On the 1st part of this multi-part series on Apache Flink CEP library, I briefly covered the case for a dedicated CEP framework among the toolsets of open-source stream processing frameworks. Quick recap on the use case
For a customer, an ATM Withdrawal Txn >= 10,000 made more than ‘3 times’ in a location > 50 mile radius from the next txn location within ‘2 hours’ should be flagged as a possible fraudulent transaction and an alert should be triggered.

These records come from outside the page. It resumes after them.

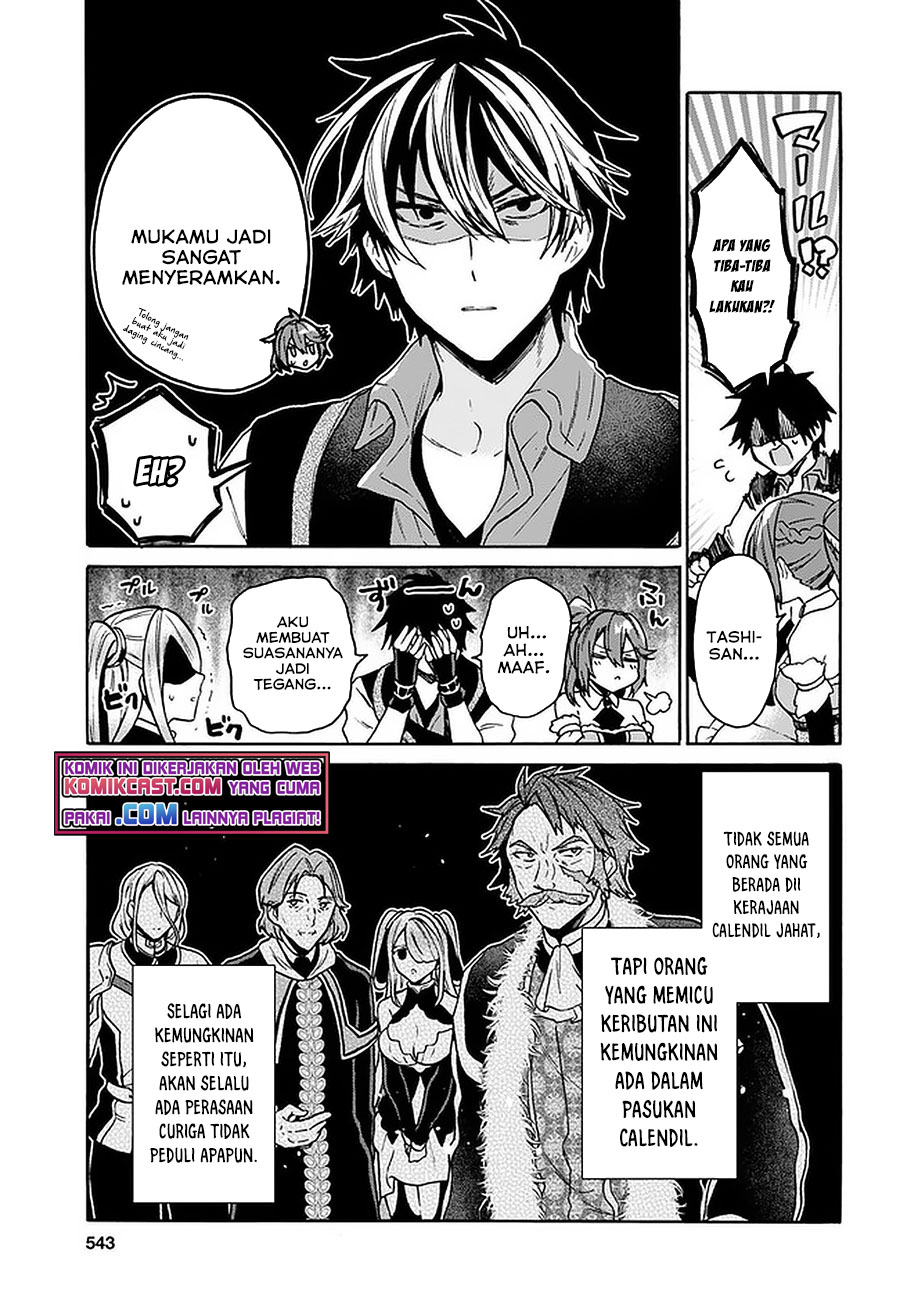 29-sai Dokushin wa Isekai de Jiyuu ni Ikita……katta Chapter 17 Bahasa Indonesia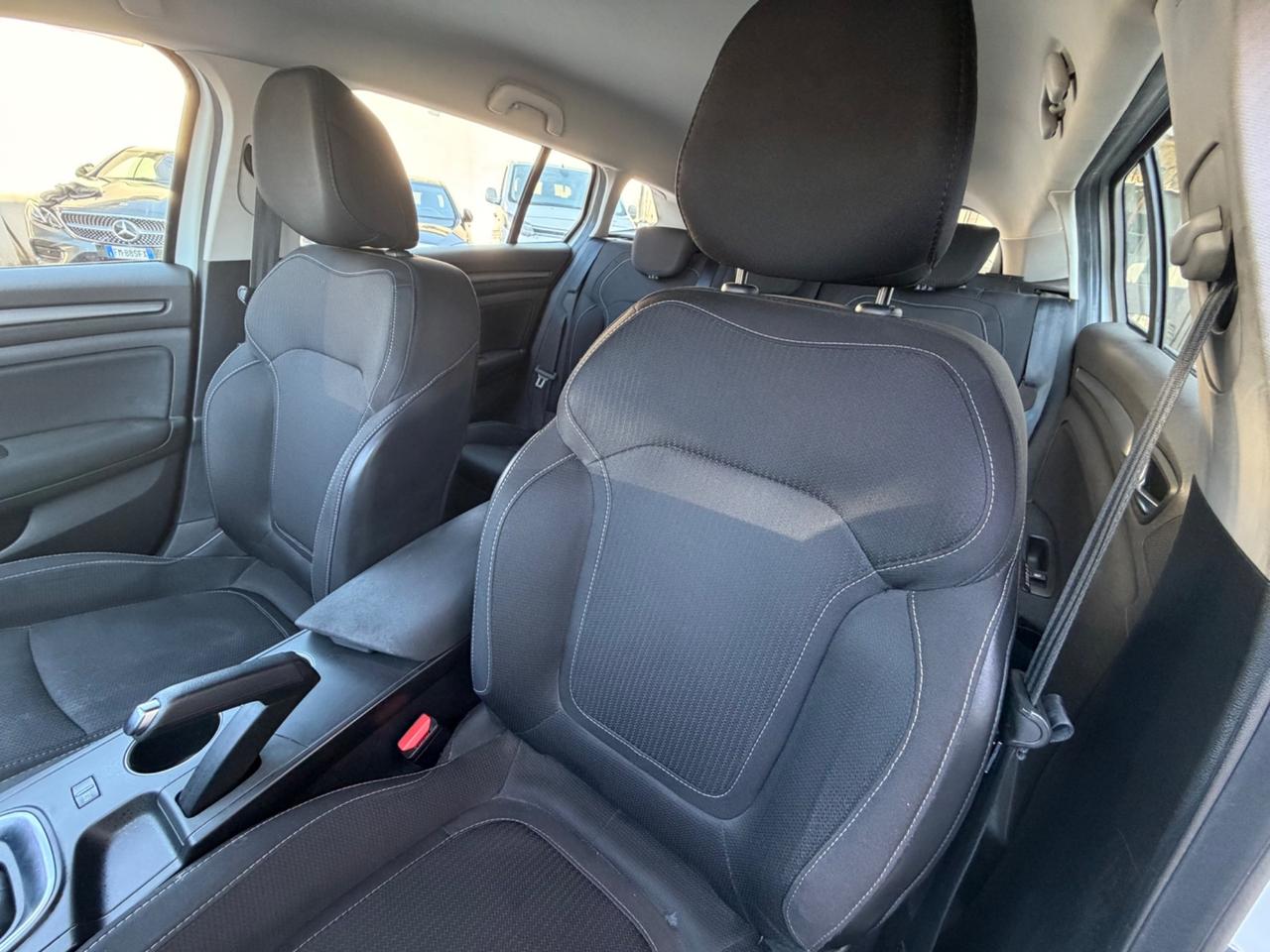 Renault Megane Mégane Blue dCi 115 CV EDC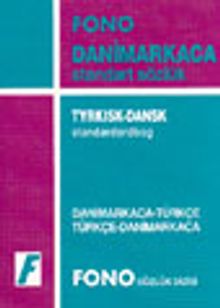Danimarkaca Standart Sözlük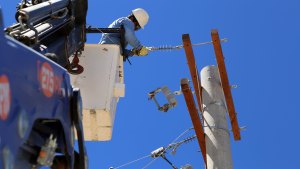 Anunciaron cortes de luz para Allen y Barda del Medio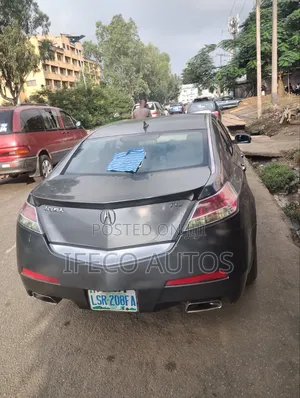 Acura TL 2009 Gray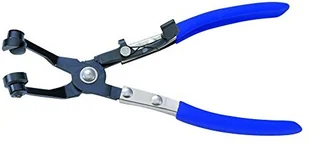 KING TONY Szczypce kątowe do opasek 9AA21 - Kombinerki i obcęgi - miniaturka - grafika 2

Business users need a simple yet intuitive interface to define such complex events and alerts. But the focus of this post is how well the Flink CEP library lends itself to implement typical CEP uses-cases. Here is a early draft version of a code. (Note: for testing purposes I have kept the Txn count 2 instead of 3 and Txn window to 20 seconds, you could always change it)
Observations so far..
- I have used Kafka as the event source, the code is couple of lines. (Matching Kafka connector version with Flink version wasn’t straightforward)
- Creating Patterns with the pattern API for the CEP is very expressive. Comes with the classic “next” and “followedby” semantics built-in.

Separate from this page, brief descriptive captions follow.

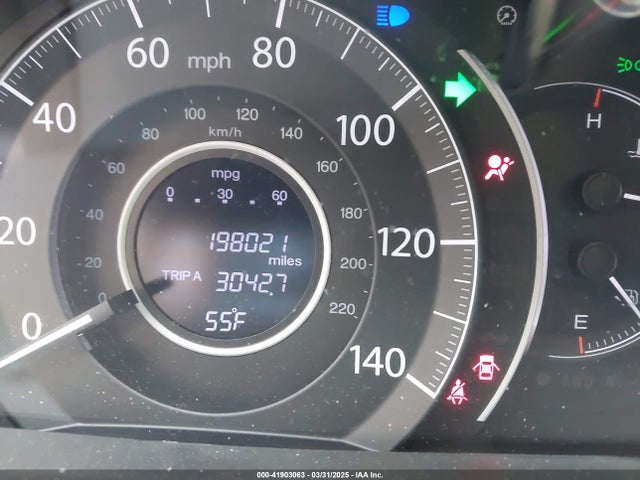5J6RM4H5XEL090745 Honda CR-V EX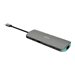 I-TEC USB C MetalNanoDock 4K HDMI+PD100W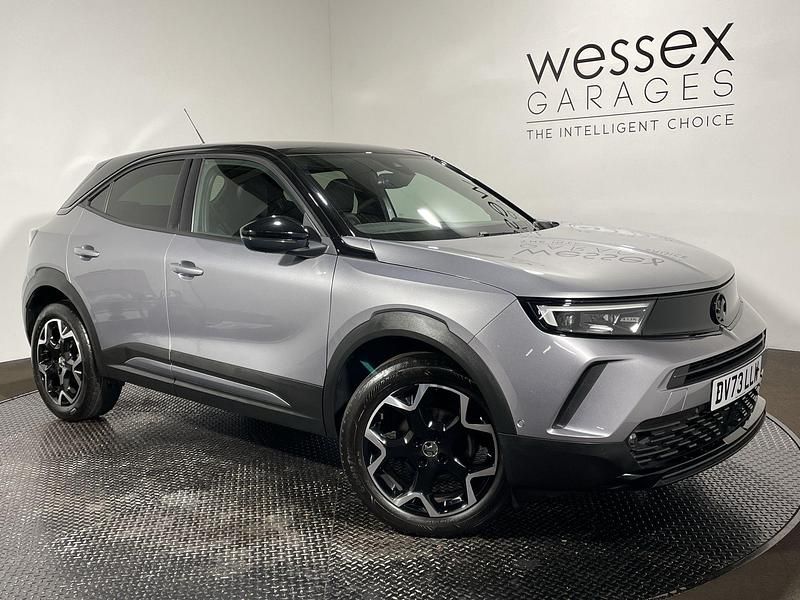 Used 2023 Vauxhall Mokka Ultimate SUV | £16,800 (Good price) - Image 1/1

- Java 8 lambda support makes things readable and easy but the IDE /JDT limitations is rather painful. I use Eclipse Luna 4.4.2 SR2 and JDT generate doesn’t work.
Need to explore below pointers in this order.
- For the duration window in which if events happened, I have used ingest time as event time for simplicity. Flink provides options to extract event time from event packet itself. This needs to be explored, changed and tested for performance at scale.
- Expand the filter function placeholder with logic to do the GeoSpatial filter between ATM location and customer homesite using Elastic search integration.
- Verify how CEP states are maintained between failures and check recovery.
- Create an alert like a mobile push notification or email to make it more real.
- Combine different events to form a Complex event.